• _Exercise goal_
Apart from the images, reproduce all of the data word for word.

• _Records supplied_
:::::

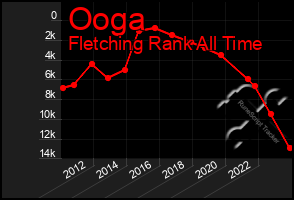 Total Graph of Ooga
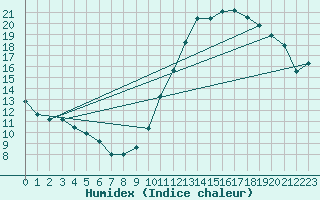 Courbe de l'humidex pour Nantes (44)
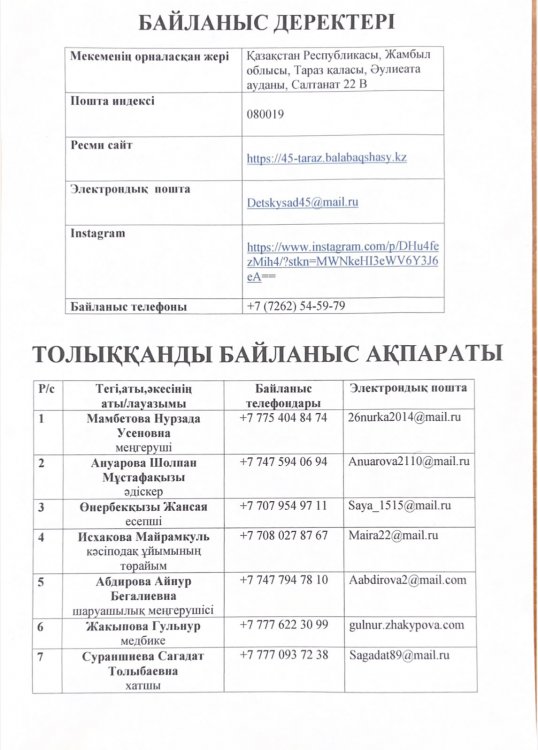 Байланыс деректері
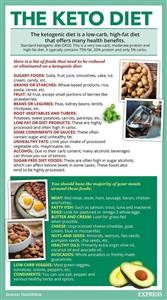 Easy to Follow Keto Diet Meal Plan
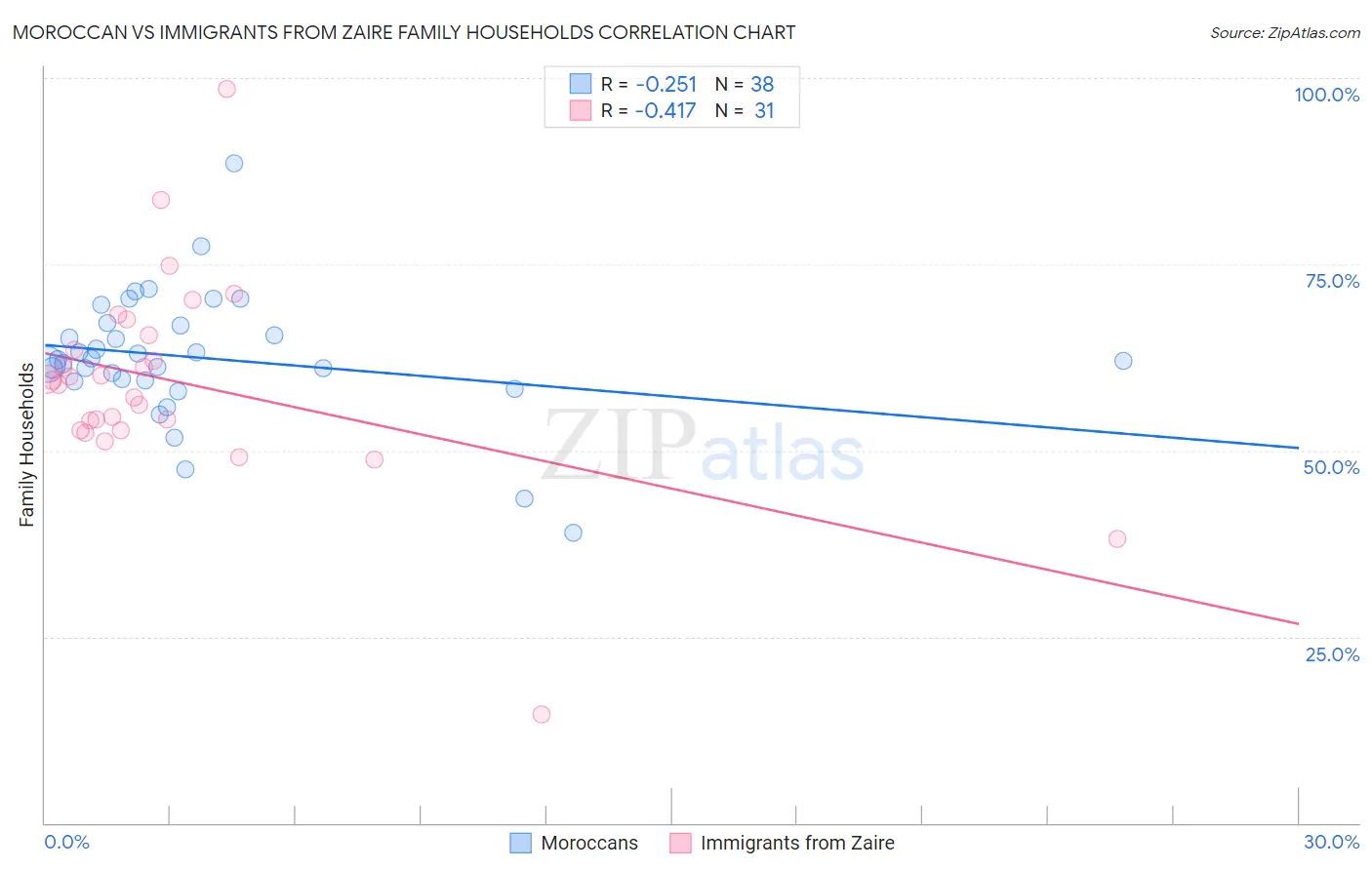 Moroccan vs Immigrants from Zaire Family Households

:::::

• _Response_
 Total Graph of Ooga
 Courbe de l'humidex pour Nantes (44)
 Байланыс деректері
 Easy to Follow Keto Diet Meal Plan
 Moroccan vs Immigrants from Zaire Family Households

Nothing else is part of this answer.